Retype the data below exactly, skipping pictures.
============================================================
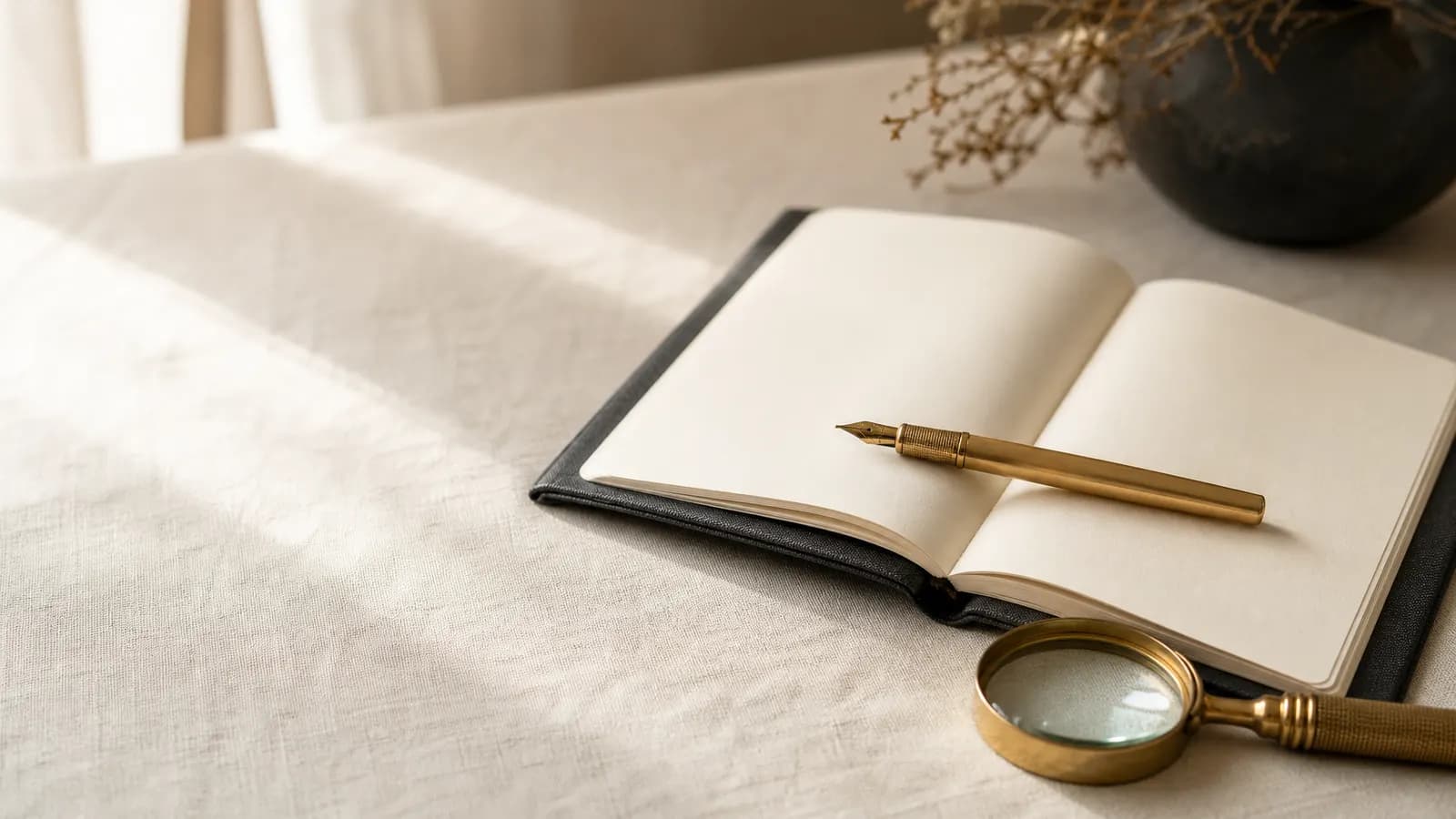 Open notebook with a gold fountain pen and a magnifying glass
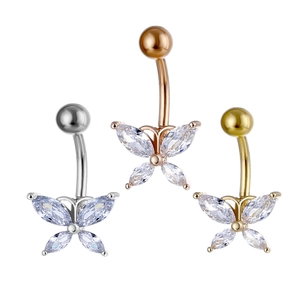 Three butterfly belly rings in silver, gold, and rose gold with sparkling zircon crystals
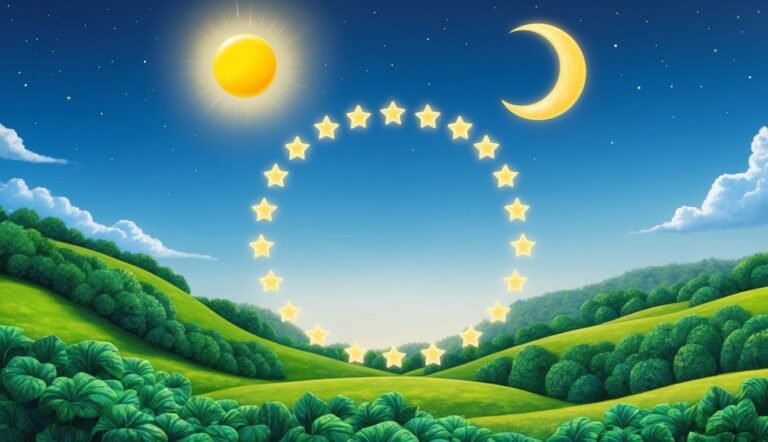 Sun, moon, and a ring of stars over green hills and blue sky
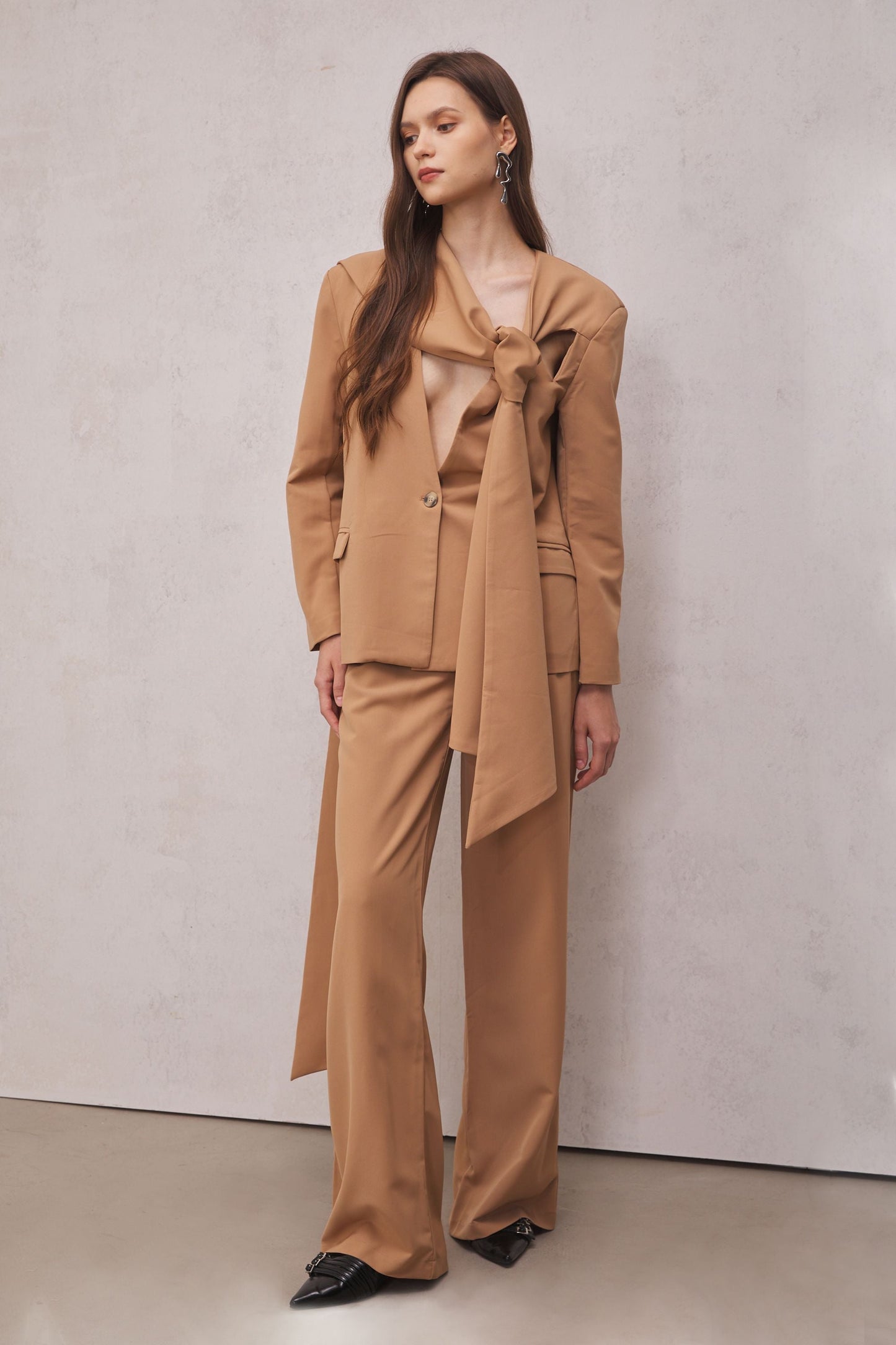 Claire Kesik Detaylı Blazer Takım (Kahverengi)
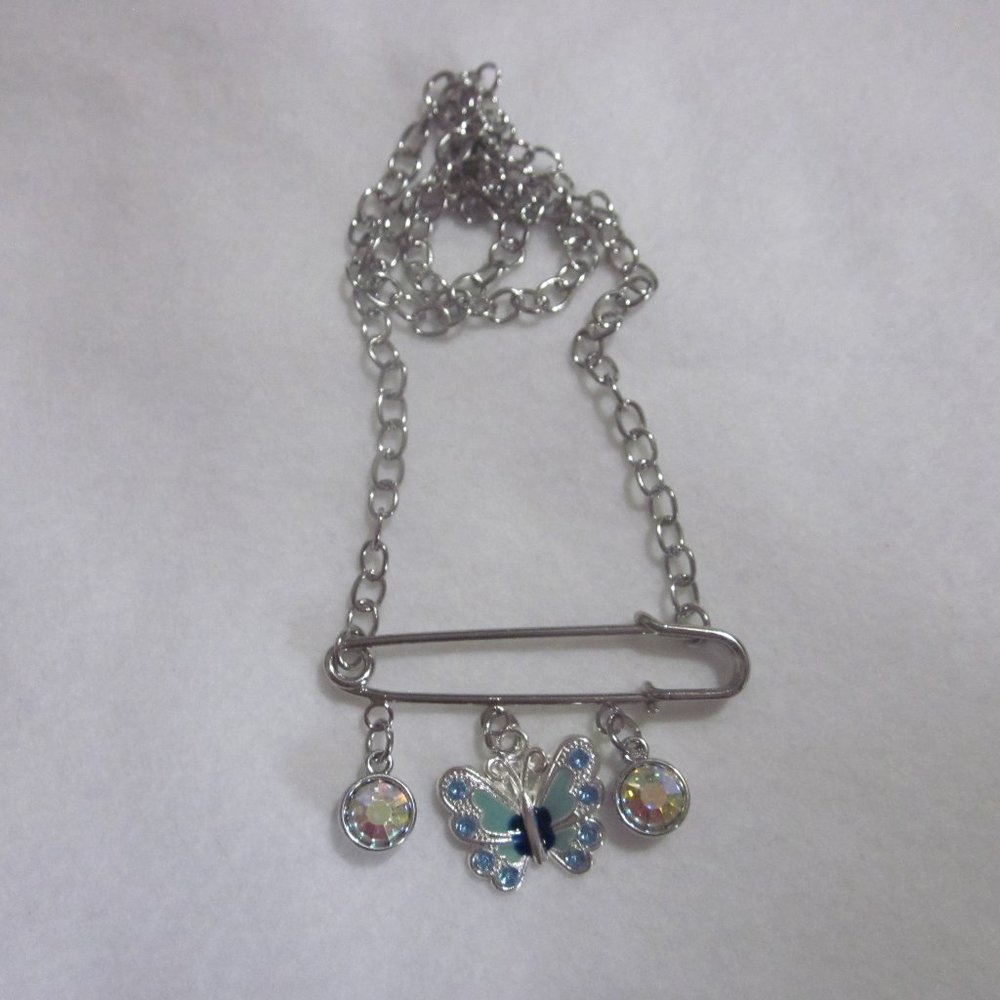 Blue Butterfly Safety Pin Necklace.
============================================================
## [Response to the exercise]
 Open notebook with a gold fountain pen and a magnifying glass
 Three butterfly belly rings in silver, gold, and rose gold with sparkling zircon crystals
 Sun, moon, and a ring of stars over green hills and blue sky
 Claire Kesik Detaylı Blazer Takım (Kahverengi)
 Blue Butterfly Safety Pin Necklace.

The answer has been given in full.